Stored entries
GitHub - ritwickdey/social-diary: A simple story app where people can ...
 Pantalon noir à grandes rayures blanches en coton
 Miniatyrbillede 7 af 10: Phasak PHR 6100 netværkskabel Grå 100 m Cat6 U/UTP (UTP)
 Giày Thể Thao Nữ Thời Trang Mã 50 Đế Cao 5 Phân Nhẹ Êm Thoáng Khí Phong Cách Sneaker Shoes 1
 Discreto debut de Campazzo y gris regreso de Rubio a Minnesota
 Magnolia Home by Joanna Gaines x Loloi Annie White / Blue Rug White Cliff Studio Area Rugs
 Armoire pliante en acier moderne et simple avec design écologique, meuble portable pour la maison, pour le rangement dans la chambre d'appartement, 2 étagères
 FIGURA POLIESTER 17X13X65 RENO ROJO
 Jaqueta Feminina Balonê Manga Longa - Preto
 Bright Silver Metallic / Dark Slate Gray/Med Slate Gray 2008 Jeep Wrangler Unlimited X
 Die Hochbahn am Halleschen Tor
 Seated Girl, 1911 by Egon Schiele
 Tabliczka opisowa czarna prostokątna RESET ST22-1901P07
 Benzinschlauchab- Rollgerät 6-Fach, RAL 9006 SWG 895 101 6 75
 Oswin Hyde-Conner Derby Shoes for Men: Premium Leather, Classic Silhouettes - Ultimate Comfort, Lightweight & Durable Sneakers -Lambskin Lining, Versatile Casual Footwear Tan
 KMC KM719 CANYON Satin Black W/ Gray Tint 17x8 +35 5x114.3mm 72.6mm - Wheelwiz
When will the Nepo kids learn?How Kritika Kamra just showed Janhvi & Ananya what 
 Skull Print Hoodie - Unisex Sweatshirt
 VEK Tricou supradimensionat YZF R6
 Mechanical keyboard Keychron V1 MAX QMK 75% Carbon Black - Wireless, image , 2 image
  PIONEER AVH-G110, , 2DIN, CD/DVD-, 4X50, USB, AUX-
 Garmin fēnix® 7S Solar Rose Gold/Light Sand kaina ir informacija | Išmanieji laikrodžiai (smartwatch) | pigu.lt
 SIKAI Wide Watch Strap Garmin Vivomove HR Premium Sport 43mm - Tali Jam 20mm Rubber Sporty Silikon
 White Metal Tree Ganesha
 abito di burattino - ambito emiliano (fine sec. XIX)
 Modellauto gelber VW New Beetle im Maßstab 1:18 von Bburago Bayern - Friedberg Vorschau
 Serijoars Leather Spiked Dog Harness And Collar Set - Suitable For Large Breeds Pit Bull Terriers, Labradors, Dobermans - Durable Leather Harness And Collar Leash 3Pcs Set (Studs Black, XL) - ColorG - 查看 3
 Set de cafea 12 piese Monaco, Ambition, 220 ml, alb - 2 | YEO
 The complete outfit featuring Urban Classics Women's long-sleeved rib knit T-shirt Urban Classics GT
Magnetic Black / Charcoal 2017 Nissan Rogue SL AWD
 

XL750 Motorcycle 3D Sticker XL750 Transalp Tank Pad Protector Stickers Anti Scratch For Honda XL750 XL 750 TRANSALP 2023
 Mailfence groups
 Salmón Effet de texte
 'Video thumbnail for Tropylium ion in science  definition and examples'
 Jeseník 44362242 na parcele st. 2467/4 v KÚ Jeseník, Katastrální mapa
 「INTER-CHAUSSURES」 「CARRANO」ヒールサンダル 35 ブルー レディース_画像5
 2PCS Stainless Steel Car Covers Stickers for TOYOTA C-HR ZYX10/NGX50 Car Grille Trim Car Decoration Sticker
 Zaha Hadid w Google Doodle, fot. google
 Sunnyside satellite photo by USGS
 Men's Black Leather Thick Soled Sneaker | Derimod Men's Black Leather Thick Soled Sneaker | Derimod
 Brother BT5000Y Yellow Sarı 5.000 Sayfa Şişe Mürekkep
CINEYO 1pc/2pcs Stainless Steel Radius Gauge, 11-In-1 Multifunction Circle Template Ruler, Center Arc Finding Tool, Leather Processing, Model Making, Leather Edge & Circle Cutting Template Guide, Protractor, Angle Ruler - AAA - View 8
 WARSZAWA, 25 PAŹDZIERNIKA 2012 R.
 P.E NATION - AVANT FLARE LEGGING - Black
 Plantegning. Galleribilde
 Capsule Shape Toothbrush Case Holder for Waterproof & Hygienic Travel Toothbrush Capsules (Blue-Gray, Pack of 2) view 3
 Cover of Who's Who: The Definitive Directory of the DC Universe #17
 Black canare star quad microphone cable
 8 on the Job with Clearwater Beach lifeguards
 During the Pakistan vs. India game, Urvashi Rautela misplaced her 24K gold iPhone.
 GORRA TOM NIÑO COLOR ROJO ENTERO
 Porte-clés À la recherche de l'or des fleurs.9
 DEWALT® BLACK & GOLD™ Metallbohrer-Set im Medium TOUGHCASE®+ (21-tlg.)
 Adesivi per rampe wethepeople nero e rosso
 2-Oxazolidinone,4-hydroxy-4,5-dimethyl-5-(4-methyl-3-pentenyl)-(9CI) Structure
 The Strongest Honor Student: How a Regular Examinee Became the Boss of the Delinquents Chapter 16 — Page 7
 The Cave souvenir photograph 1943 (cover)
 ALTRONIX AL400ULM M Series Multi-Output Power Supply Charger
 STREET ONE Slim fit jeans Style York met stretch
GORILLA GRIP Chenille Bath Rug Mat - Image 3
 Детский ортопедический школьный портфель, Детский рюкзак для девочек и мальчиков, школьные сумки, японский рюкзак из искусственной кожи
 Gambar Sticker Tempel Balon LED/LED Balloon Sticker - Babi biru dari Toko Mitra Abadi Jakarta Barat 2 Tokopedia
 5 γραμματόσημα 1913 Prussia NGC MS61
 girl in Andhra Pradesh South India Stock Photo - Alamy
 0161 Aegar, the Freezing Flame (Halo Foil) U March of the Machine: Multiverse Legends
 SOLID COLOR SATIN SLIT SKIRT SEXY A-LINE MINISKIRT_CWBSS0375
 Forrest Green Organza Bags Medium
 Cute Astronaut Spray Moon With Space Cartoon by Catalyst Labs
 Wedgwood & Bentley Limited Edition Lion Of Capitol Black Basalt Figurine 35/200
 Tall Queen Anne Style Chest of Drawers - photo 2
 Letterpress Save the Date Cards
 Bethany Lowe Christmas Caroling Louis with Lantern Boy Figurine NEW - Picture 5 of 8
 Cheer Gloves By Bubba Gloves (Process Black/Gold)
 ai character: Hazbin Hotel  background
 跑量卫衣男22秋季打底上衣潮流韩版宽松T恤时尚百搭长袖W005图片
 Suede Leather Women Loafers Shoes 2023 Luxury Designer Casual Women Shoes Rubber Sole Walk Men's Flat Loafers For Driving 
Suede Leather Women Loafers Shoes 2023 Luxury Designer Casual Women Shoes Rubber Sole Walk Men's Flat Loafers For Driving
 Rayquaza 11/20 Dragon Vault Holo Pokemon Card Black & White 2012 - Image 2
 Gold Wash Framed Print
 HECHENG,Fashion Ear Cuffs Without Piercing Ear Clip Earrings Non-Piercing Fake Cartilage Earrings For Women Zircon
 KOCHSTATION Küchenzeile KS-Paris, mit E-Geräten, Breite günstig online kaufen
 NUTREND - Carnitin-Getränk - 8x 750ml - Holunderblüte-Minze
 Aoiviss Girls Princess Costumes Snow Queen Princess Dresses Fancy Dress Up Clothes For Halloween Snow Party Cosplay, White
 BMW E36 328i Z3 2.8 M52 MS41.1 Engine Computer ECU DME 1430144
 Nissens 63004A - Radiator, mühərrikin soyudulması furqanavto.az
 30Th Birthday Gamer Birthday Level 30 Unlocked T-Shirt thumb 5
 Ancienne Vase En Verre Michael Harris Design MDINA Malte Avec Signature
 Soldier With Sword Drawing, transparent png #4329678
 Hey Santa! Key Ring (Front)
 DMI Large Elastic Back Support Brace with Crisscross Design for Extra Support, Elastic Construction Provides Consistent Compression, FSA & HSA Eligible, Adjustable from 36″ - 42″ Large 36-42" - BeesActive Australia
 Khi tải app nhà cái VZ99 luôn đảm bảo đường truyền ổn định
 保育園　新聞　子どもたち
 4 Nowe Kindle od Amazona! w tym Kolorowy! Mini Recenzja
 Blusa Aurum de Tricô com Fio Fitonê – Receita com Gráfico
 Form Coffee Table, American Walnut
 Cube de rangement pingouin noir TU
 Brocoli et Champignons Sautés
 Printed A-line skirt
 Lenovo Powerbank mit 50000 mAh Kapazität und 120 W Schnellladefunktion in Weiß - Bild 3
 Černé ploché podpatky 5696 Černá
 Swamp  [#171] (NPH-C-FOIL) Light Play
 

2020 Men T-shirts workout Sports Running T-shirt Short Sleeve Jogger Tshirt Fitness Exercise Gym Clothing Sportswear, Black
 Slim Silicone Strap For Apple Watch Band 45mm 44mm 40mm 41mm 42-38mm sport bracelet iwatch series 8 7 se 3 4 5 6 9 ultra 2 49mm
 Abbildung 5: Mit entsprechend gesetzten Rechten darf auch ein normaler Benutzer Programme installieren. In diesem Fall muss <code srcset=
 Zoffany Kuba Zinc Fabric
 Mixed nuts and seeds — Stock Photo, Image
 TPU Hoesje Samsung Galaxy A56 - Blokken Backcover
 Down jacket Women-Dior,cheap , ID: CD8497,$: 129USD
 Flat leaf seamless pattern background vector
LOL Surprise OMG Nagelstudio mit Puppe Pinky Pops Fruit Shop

• [Task details]: Reprint exactly the lines above that start at the one with "Men's Black Leather Thick Soled Sneaker | Derimod Men's" and end at the one with "Детский ортопедический школьный", keeping both and adding none.

• [Result of this task]:
 Men's Black Leather Thick Soled Sneaker | Derimod Men's Black Leather Thick Soled Sneaker | Derimod
 Brother BT5000Y Yellow Sarı 5.000 Sayfa Şişe Mürekkep
CINEYO 1pc/2pcs Stainless Steel Radius Gauge, 11-In-1 Multifunction Circle Template Ruler, Center Arc Finding Tool, Leather Processing, Model Making, Leather Edge & Circle Cutting Template Guide, Protractor, Angle Ruler - AAA - View 8
 WARSZAWA, 25 PAŹDZIERNIKA 2012 R.
 P.E NATION - AVANT FLARE LEGGING - Black
 Plantegning. Galleribilde
 Capsule Shape Toothbrush Case Holder for Waterproof & Hygienic Travel Toothbrush Capsules (Blue-Gray, Pack of 2) view 3
 Cover of Who's Who: The Definitive Directory of the DC Universe #17
 Black canare star quad microphone cable
 8 on the Job with Clearwater Beach lifeguards
 During the Pakistan vs. India game, Urvashi Rautela misplaced her 24K gold iPhone.
 GORRA TOM NIÑO COLOR ROJO ENTERO
 Porte-clés À la recherche de l'or des fleurs.9
 DEWALT® BLACK & GOLD™ Metallbohrer-Set im Medium TOUGHCASE®+ (21-tlg.)
 Adesivi per rampe wethepeople nero e rosso
 2-Oxazolidinone,4-hydroxy-4,5-dimethyl-5-(4-methyl-3-pentenyl)-(9CI) Structure
 The Strongest Honor Student: How a Regular Examinee Became the Boss of the Delinquents Chapter 16 — Page 7
 The Cave souvenir photograph 1943 (cover)
 ALTRONIX AL400ULM M Series Multi-Output Power Supply Charger
 STREET ONE Slim fit jeans Style York met stretch
GORILLA GRIP Chenille Bath Rug Mat - Image 3
 Детский ортопедический школьный портфель, Детский рюкзак для девочек и мальчиков, школьные сумки, японский рюкзак из искусственной кожи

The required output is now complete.